** Opening Information block **

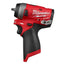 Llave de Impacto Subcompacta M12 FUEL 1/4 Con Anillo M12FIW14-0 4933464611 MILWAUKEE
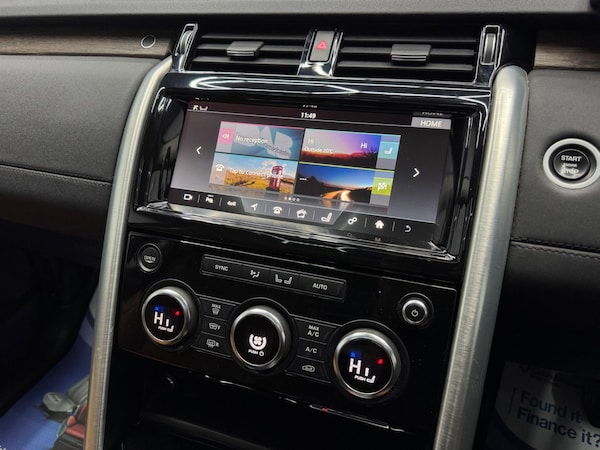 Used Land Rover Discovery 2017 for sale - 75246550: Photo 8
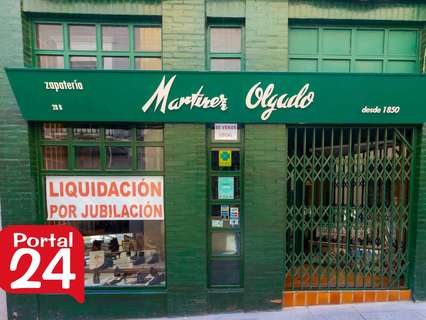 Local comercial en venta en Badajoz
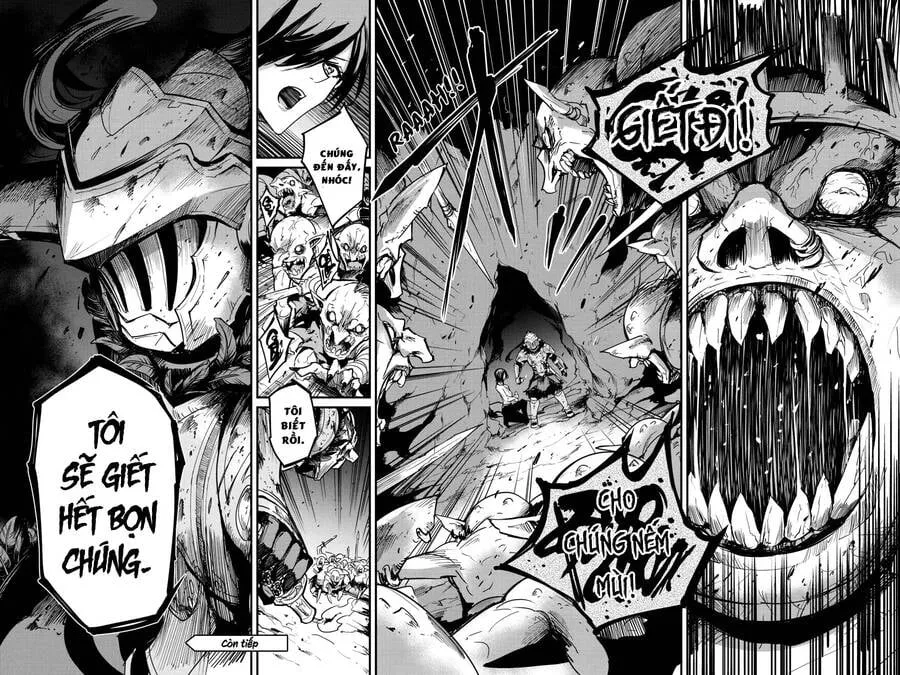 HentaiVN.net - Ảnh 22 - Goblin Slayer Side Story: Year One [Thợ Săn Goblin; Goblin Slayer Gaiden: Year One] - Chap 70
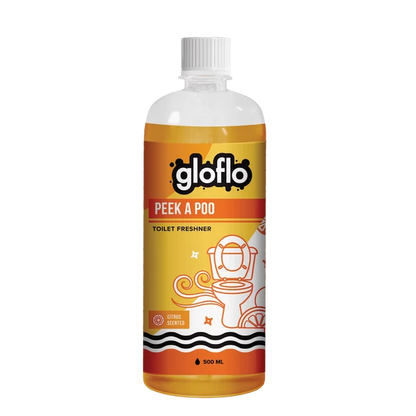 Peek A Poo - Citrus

** Closing Information block **
** Opening Information block **

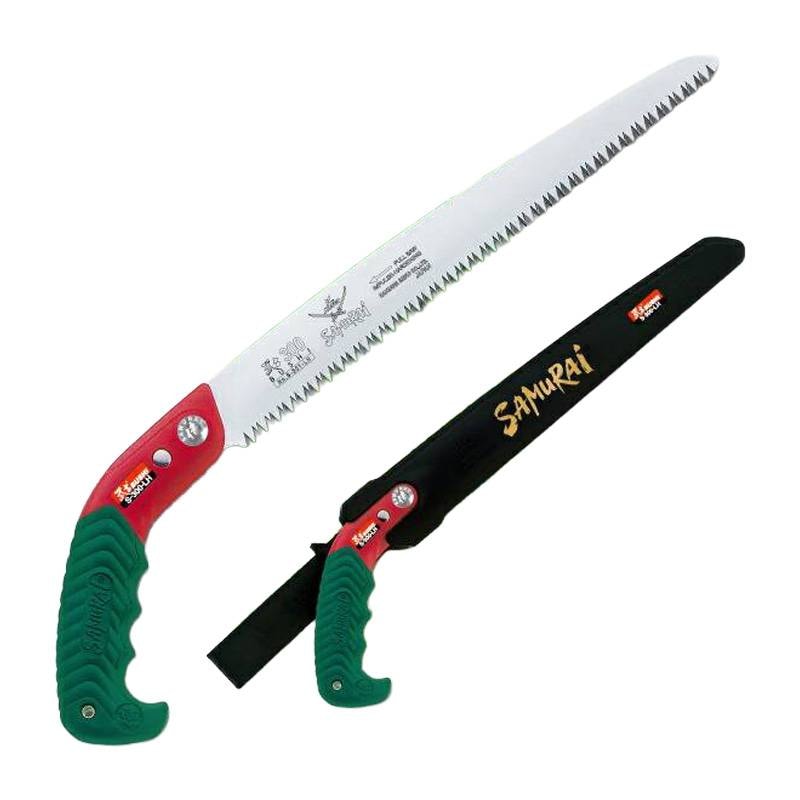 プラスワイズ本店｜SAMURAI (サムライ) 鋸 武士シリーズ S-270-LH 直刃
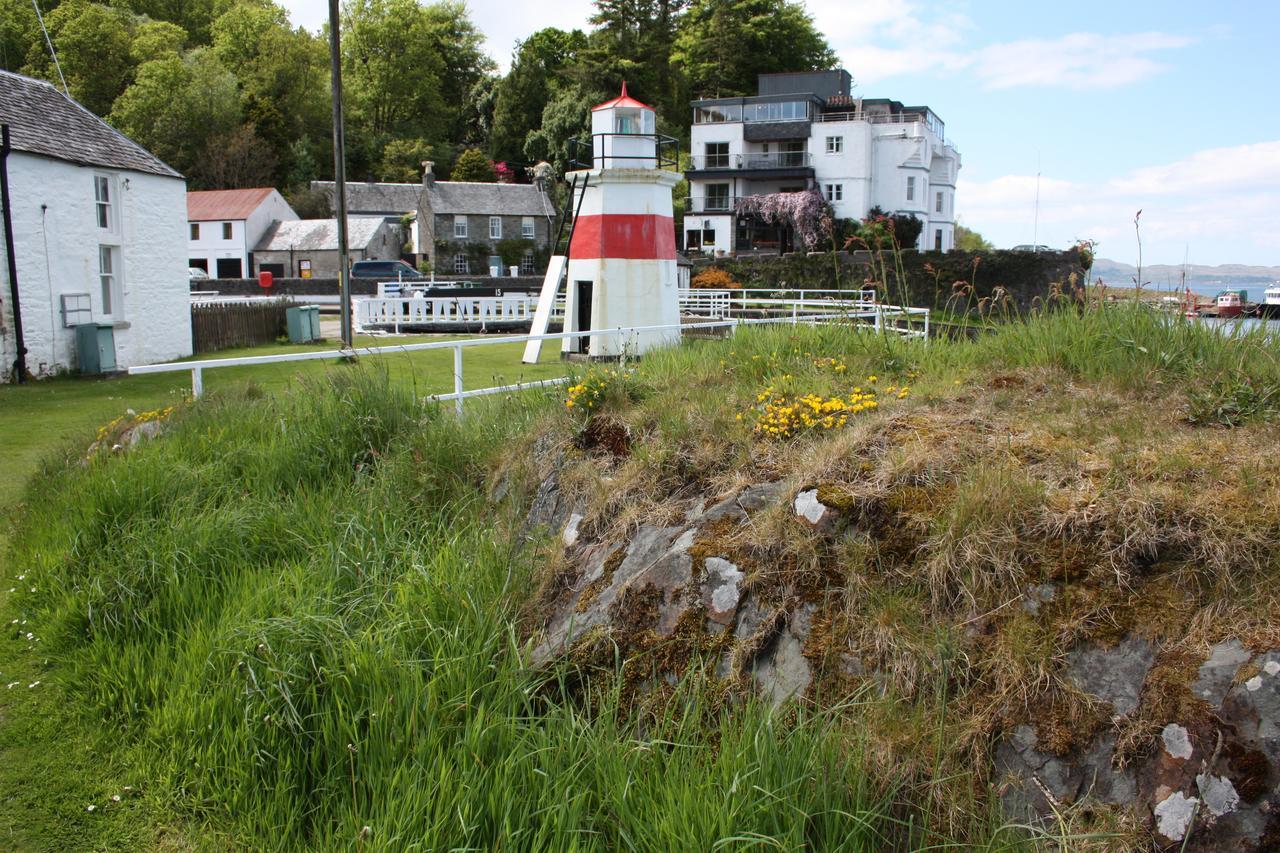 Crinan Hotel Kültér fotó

** Closing Information block **

[Exercise directions]
Only the lines above starting with the line with "Local comercial en venta en Badajoz" and going on through the line with "Peek A Poo - Citrus" belong in the answer; repeat them exactly, minus any picture.

[Solved problem]
 Local comercial en venta en Badajoz
 HentaiVN.net - Ảnh 22 - Goblin Slayer Side Story: Year One [Thợ Săn Goblin; Goblin Slayer Gaiden: Year One] - Chap 70
 Peek A Poo - Citrus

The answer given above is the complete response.